The Star-Spangled Banner, national anthem of the United States. Francis Scott Key, a lawyer, wrote the lyrics after watching the British attack Fort McHenry, Maryland, in 1814, during the War of 1812. The melody was taken from “To Anacreon in Heaven,” a drinking song f the Anacreontic Society (of London) that was written by the British composer John Stafford Smith. Key’s words were first published in a broadside in 1814 under the title “Defence of Fort M’Henry.” The song’s title was changed when it appeared in sheet-music form later the same year. After a century of general use, the four-stanza song was officially adopted as the national anthem by act of Congress in 1931.
Innumerable publications of the song through the years have shown variations in both words and music. An official arrangement was prepared by John Philip Sousa for the U.S. Army and Navy, and music educators have spent much time and effort in arriving at a practical version. The second and third stanzas are customarily omitted out of courtesy to the British. The accepted text of “The Star-Spangled Banner” is as follows:
Oh, say can you see by the dawn’s early light
What so proudly we hail’d at the twilight’s last gleaming,
Whose broad stripes and bright stars through the perilous fight
O’er the ramparts we watch’d were so gallantly streaming?
And the rockets’ red glare, the bombs bursting in air,
Gave proof through the night that our flag was still there.
Oh, say does that star-spangled banner yet wave
O’er the land of the free and the home of the brave?
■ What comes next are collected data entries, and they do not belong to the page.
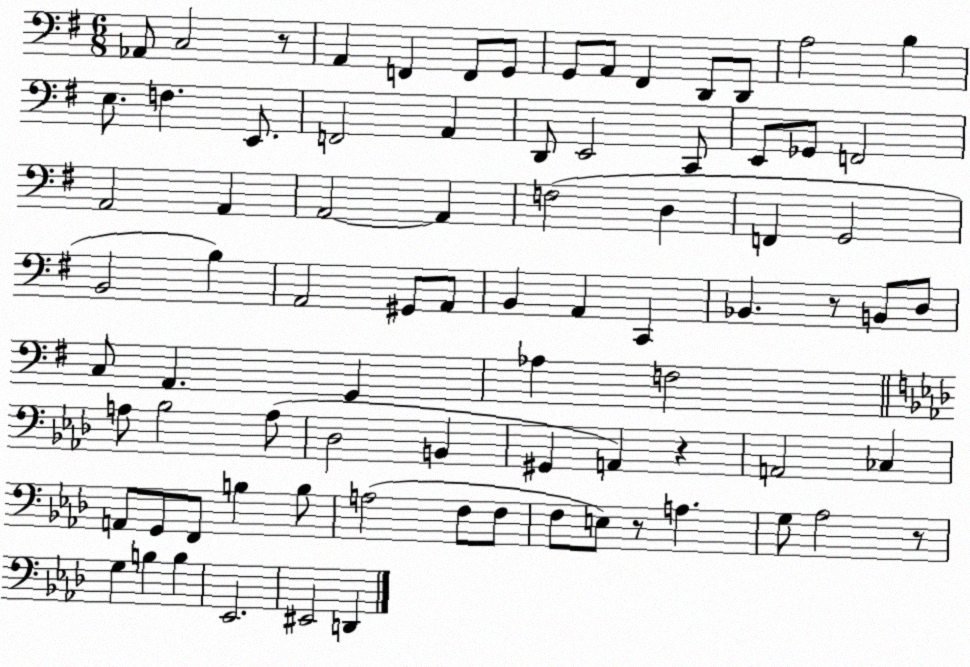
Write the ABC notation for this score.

X:1
T:Untitled
M:6/8
L:1/4
K:G
_A,,/2 C,2 z/2 A,, F,, F,,/2 G,,/2 G,,/2 A,,/2 ^F,, D,,/2 D,,/2 A,2 B, E,/2 F, E,,/2 F,,2 A,, D,,/2 E,,2 C,,/2 E,,/2 _G,,/2 F,,2 A,,2 A,, A,,2 A,, F,2 D, F,, G,,2 B,,2 B, A,,2 ^G,,/2 A,,/2 B,, A,, C,, _B,, z/2 B,,/2 D,/2 C,/2 A,, G,, _A, F,2 A,/2 _B,2 A,/2 _D,2 B,, ^G,, A,, z A,,2 _C, A,,/2 G,,/2 F,,/2 B, B,/2 A,2 F,/2 F,/2 F,/2 E,/2 z/2 A, G,/2 _A,2 z/2 G, B, B, _E,,2 ^E,,2 D,,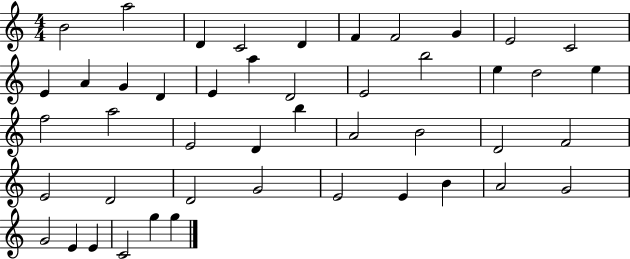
{
  \clef treble
  \numericTimeSignature
  \time 4/4
  \key c \major
  b'2 a''2 | d'4 c'2 d'4 | f'4 f'2 g'4 | e'2 c'2 | \break e'4 a'4 g'4 d'4 | e'4 a''4 d'2 | e'2 b''2 | e''4 d''2 e''4 | \break f''2 a''2 | e'2 d'4 b''4 | a'2 b'2 | d'2 f'2 | \break e'2 d'2 | d'2 g'2 | e'2 e'4 b'4 | a'2 g'2 | \break g'2 e'4 e'4 | c'2 g''4 g''4 | \bar "|."
}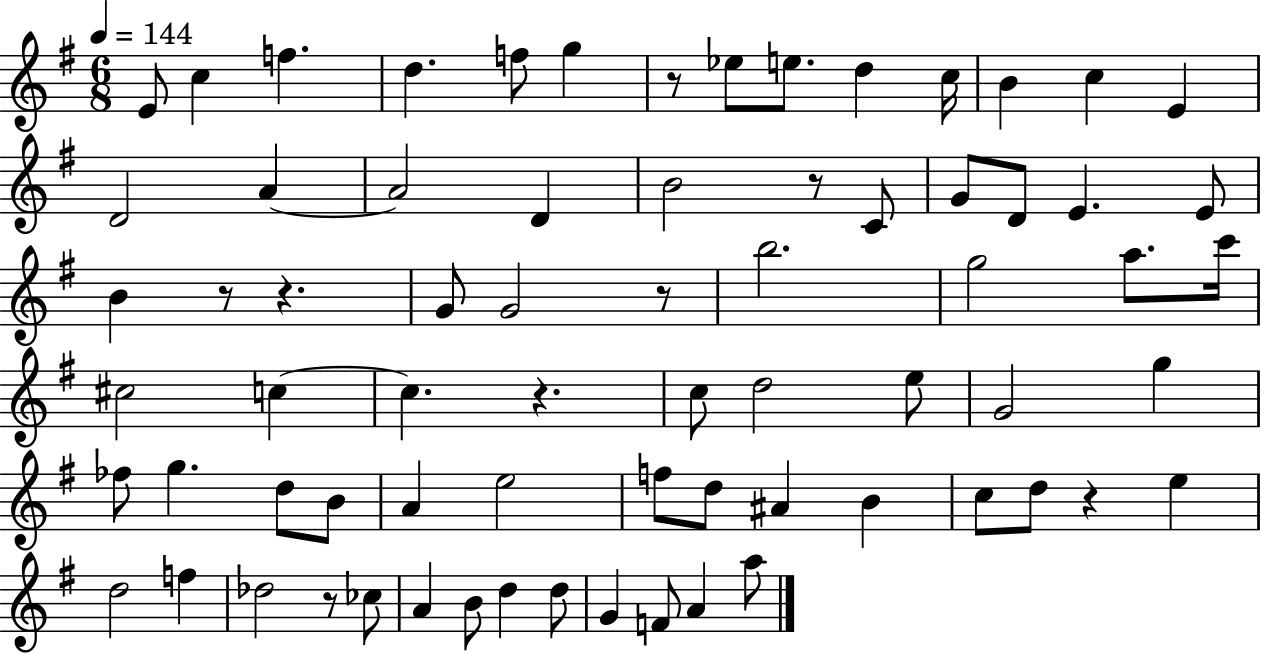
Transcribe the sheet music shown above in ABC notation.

X:1
T:Untitled
M:6/8
L:1/4
K:G
E/2 c f d f/2 g z/2 _e/2 e/2 d c/4 B c E D2 A A2 D B2 z/2 C/2 G/2 D/2 E E/2 B z/2 z G/2 G2 z/2 b2 g2 a/2 c'/4 ^c2 c c z c/2 d2 e/2 G2 g _f/2 g d/2 B/2 A e2 f/2 d/2 ^A B c/2 d/2 z e d2 f _d2 z/2 _c/2 A B/2 d d/2 G F/2 A a/2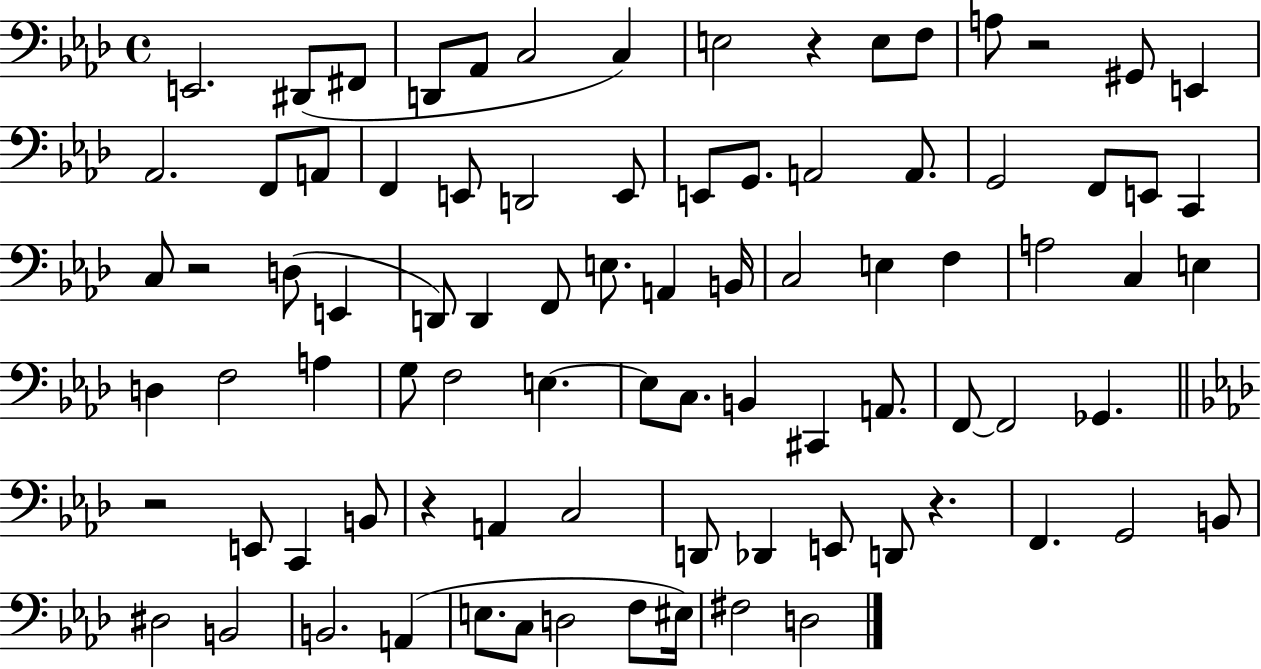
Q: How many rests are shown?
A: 6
On the shore dimly seen through the mists of the deep,
Where the foe’s haughty host in dread silence reposes,
What is that which the breeze, o’er the towering steep,
As it fitfully blows, half conceals, half discloses?
Now it catches the gleam of the morning’s first beam,
In full glory reflected now shines in the stream.
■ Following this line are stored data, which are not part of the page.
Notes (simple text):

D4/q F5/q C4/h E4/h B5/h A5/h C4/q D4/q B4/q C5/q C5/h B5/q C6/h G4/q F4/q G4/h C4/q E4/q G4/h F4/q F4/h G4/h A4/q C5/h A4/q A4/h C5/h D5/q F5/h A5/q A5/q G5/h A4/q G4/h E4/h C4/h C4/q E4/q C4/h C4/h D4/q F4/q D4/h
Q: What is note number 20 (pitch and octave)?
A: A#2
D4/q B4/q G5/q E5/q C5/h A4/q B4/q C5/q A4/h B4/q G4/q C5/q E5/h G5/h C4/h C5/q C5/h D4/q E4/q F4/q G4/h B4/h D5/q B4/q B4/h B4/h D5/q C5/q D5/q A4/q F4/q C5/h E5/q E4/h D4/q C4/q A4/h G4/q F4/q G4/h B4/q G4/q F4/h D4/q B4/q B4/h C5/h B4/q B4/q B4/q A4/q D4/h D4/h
’Tis the star-spangled banner, oh, long may it wave
O’er the land of the free and the home of the brave!
And where is that band who so vauntingly swore
That the havoc of war and the battle’s confusion
A home and a country should leave us no more?
Their blood has wash’d out their foul footstep’s pollution.
No refuge could save the hireling and slave
From the terror of flight or the gloom of the grave,
And the star-spangled banner in triumph doth wave
O’er the land of the free and the home of the brave.
Oh, thus be it ever when freemen shall stand
Between their lov’d home and the war’s desolation!
Blest with vict’ry and peace may the heav’n-rescued land
Praise the power that hath made and preserv’d us a nation
Then conquer we must, when our cause it is just,
And this be our motto, “In God is our Trust,”
And the star-spangled banner in triumph shall wave
O’er the land of the free and the home of the brave.